19 -- Canary Group Routing

Prerequisite: 05 -- Load Balancing (canary routing extends groups and load balancing; see also 16 -- Front-Door Multi-Tenant for tenant identity) You will need: MCP Hangar 1.4.0, two versions of a backend MCP server, an OIDC issuer minting JWTs with a tenant_id claim Time: ~15 minutes Adds: Per-tenant canary and version routing for groups (pins + sticky split + LB fallback)

The Problem

You have a new version of a backend MCP server and you want to roll it out safely, not flip every caller at once. A blanket weighted split sends a random slice of every request to the new version, but it is not stable -- the same tenant can land on v1 on one call and v2 on the next, which makes bug reports and migrations hard to reason about.

What you actually want is identity-driven rollout. A handful of named tenants (your beta partners) should always land on the new version. A deterministic percentage of everyone else should be pinned to the canary so a given tenant always gets the same version. And if the new version is unhealthy, traffic must fall back to the load balancer rather than route into a dead member.

Hangar 1.4 adds a canary: block on a group that does exactly this: explicit tenant pins, a sticky percentage split keyed on tenant identity, and a safe fallback to the group's normal load-balancing strategy.

The Config

Canary routing needs a tenant identity to key on, so this recipe reuses the front-door auth setup from recipe 16 to put a tenant_id on every caller. The new part is the search group and its canary: block.
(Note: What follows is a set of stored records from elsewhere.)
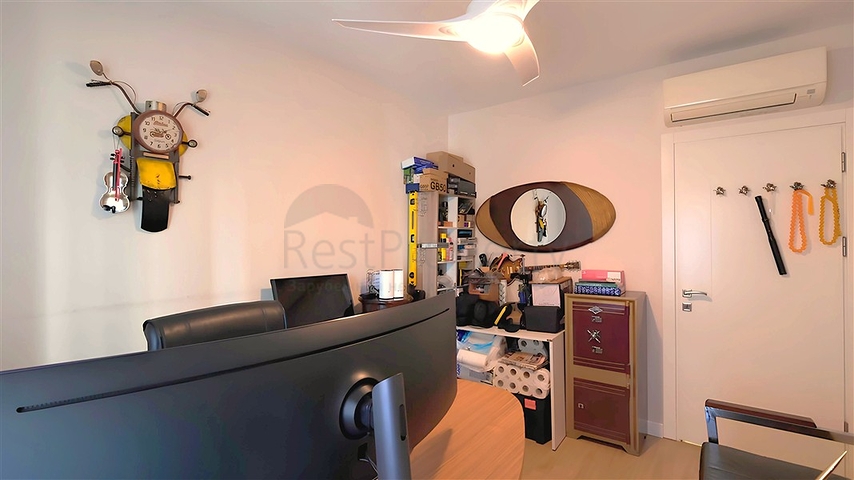 Затишок і комфорт біля моря: квартира з ідеальним розташуванням в Тосмурі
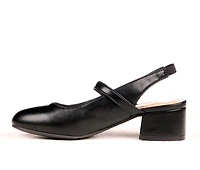 Girls' Sam & Libby Little Kid Big Bianca Grace Dress Shoes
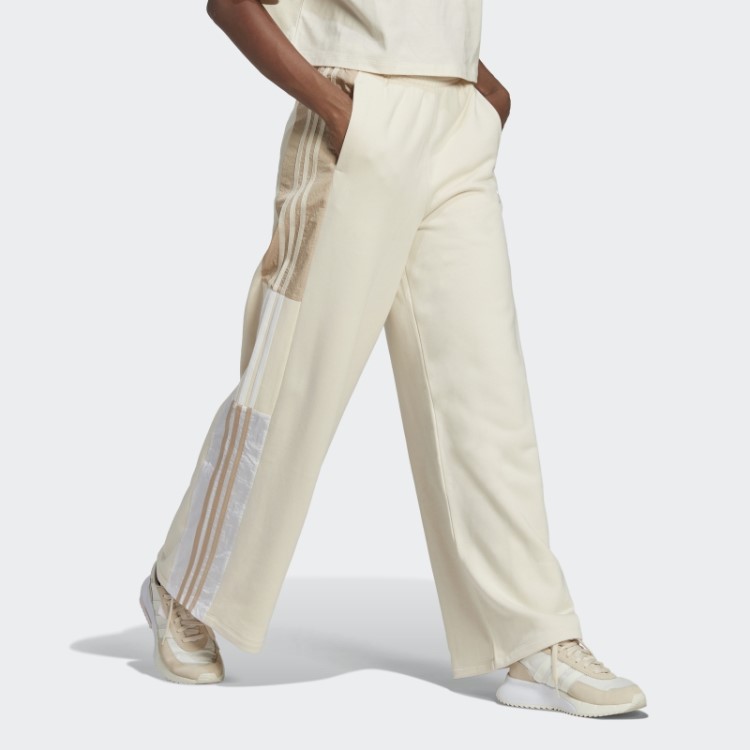 Adidas Adicolor Classics Calça Larga Sem Tingimento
# config.yaml -- Recipe 19: Canary Group Routing

tool_access:
  mode: front_door                       # from recipe 16: face callers, fail-closed

auth:                                     # from recipe 16: validate JWTs, set tenant_id
  enabled: true
  allow_anonymous: false
  oidc:
    enabled: true
    issuer: https://auth.example.com
    audience: mcp-hangar
    resource_uri: https://hangar.example.com
    tenant_claim: tenant_id              # JWT claim -> CallerIdentity.tenant_id

mcp_servers:
  search:
    mode: group
    strategy: weighted_round_robin       # group's normal LB for everyone else
    min_healthy: 1
    description: "Search backend with canary rollout"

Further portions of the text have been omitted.